Own your code, part 3: Shell scripting infrastructure

In the last post, I told the curious tale of my unreliable webhook. In the post before that, I talked about my Gitea-powered git server and how I set it up. In this one, we're going to back up a bit and look at setting up Laminar CI.

Laminar CI is a continuous integration program that takes a decidedly different approach to the one you see in solutions like GitLab CI and Travis. It takes a much more minimal approach, instead preferring to provide you with the tools you need and letting you get on with setting it up however you like and integrating it with whatever you like.

I recommend looking at its website and user manual to get a feel for how it works. In short, it lets you do things like this:

laminarc queue build-code
laminarc show-jobs

It is, of course, entirely command-line based. In order to integrate it with other services, webhooks are needed. In my case, I've used webhook for this purpose. Before we get into that though, we should outline how the system we build should work.

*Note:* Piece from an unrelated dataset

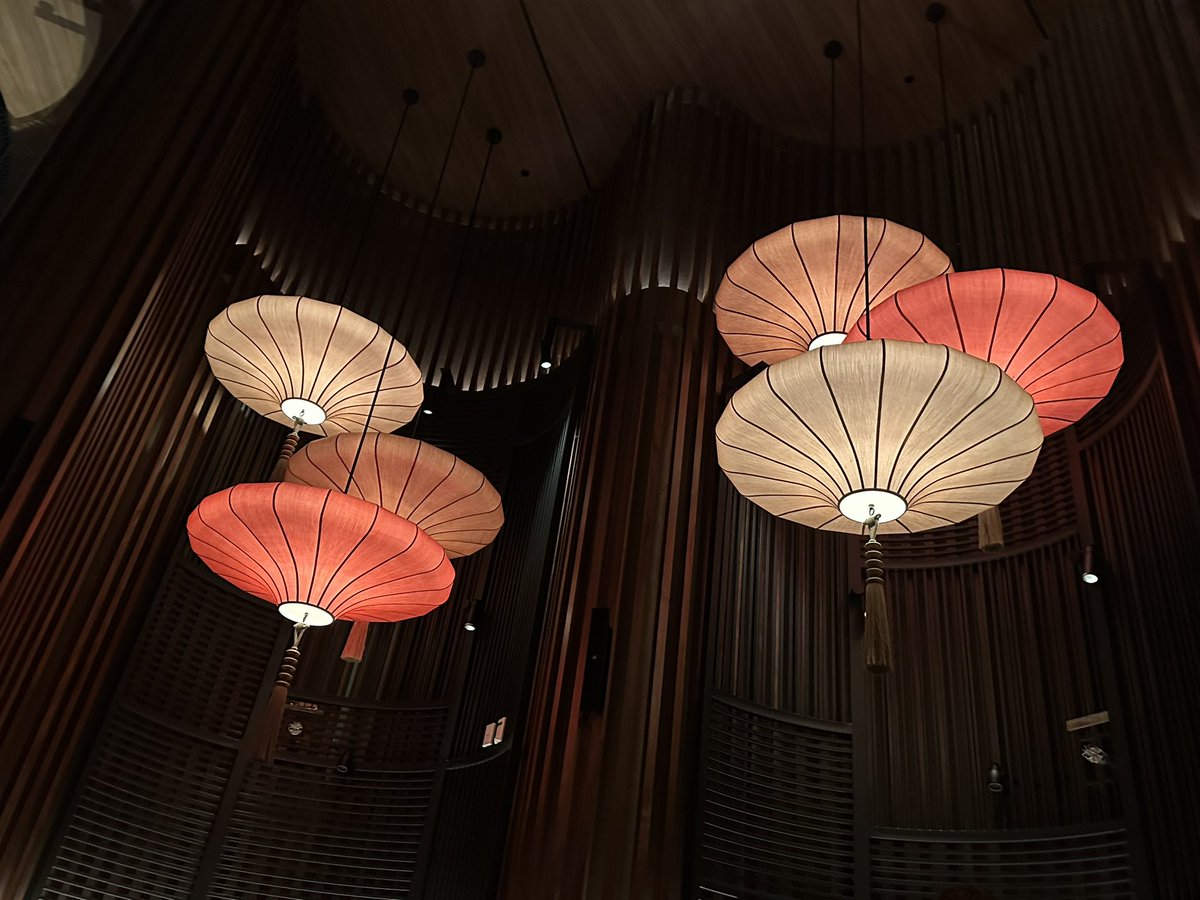 ChongyanmMa's tweet photo. @artsageingntu; #artaging;#AG6309Wk3AY22T3Enjoyed supper at KOMA and was blown away by the interior design and artwork. Very soothing after a demanding workweek. There is only one suggestion that the illumination isn't suitable for elderly people, who must use their phone lights. https://t.co/Ewy6kqwakH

For me, I'm not happy with filling a folder with job scripts. I want my CI system to have the following properties:

  • I want to have all the configuration files and scripts under version control
  • I want to keep project-specific CI scripts in their appropriate repositories
  • I don't want to have to alter the CI configuration every time I start a new project.
  • The CI system should be stable - it shouldn't fall over if multiple jobs for the same repository are running at the same time.

Bold claims. Achieving this was actually quite complicated, and demanded a pretty sophistic infrastructure that's comprised of multiple independent shell scripts. It's best explained with a diagram:

There are 3 different machines at play here.

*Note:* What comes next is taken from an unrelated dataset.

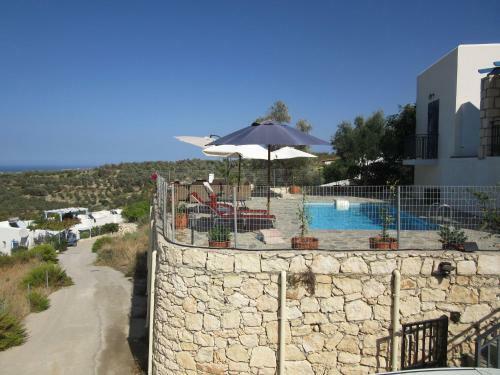 Cozy Villa In Agia Triada With Pool And Deckchair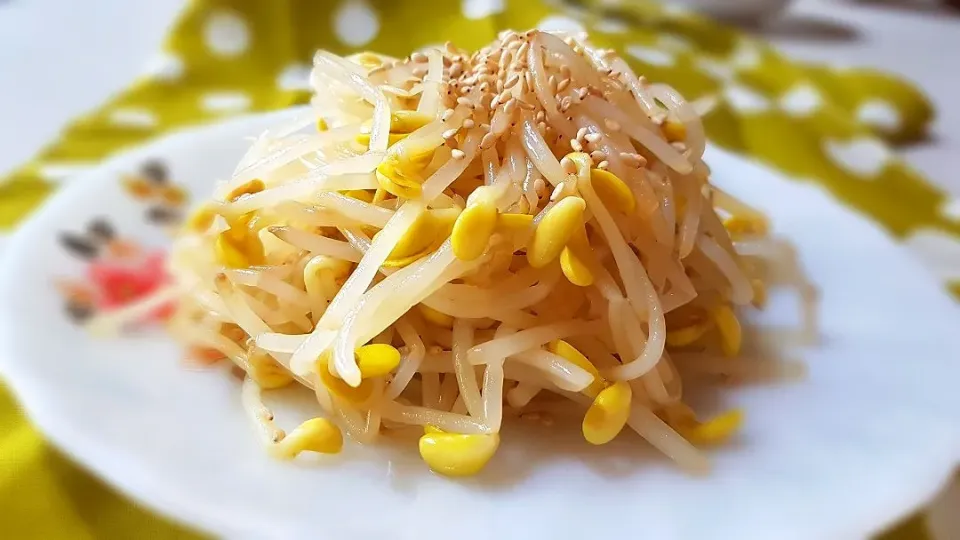 Seasoned Bean Sprouts|Nadine Kvakさん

  1. The local computer, where we write our code
  2. The git server, where the code is stored
  3. The CI Server, which runs continuous integration tasks

Somehow, we need to notify the CI server that it needs to do something when new commits end up at the git server. We can achieve this with a git post-receive hook, which is basically a shell script (yep, we'll be seeing a lot of those) that can perform some logic on the server just after a push is complete, but the client pushing them hasn't disconnected yet.

In this post-receive hook we need to trigger the webhook that notifies the CI server that there are new commits for it to test. GitHub makes this easy, as it provides a webhook system where you can configure a webhook via a GUI - but it doesn't let you set the webhook script directly as far as I know.

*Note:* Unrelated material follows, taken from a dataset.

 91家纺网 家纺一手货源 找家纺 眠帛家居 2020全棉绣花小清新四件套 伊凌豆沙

Alternatively, should we run into issues with the webhook and we have control over the git server, we can trigger the CI build directly by writing a post-receive git hook directly utilising SSH port forwarding. This is what I did in the end for my personal git server, though as I noted in part 2 I did end up working around the webhook issues so that I could have it work with GitHub too.

For the webhook to work, we'll need a receiving script that will parse the JSON body of the webhook itself, and queue the laminar job.

In order for the laminar job to work without modification when we add a new project, it will have to come in 2 parts. The first will have a generic 'virtual' or 'smart' job, which should create a symbolic link to itself under the name of the repository that we want to run CI tasks for.

When called by Laminar under a repository-specific name, we want to run the CI tasks - but only on a copy of the main repository. Additionally, we don't want to re-clone the repository each time - this is slow and wastes bandwidth.

Finally, we need a unified standard for defining CI tasks in our repositories for which we want to enable continuous integration.

This we can achieve with the use of the lantern build engine, which I'll talk about (and its history!) in a future post.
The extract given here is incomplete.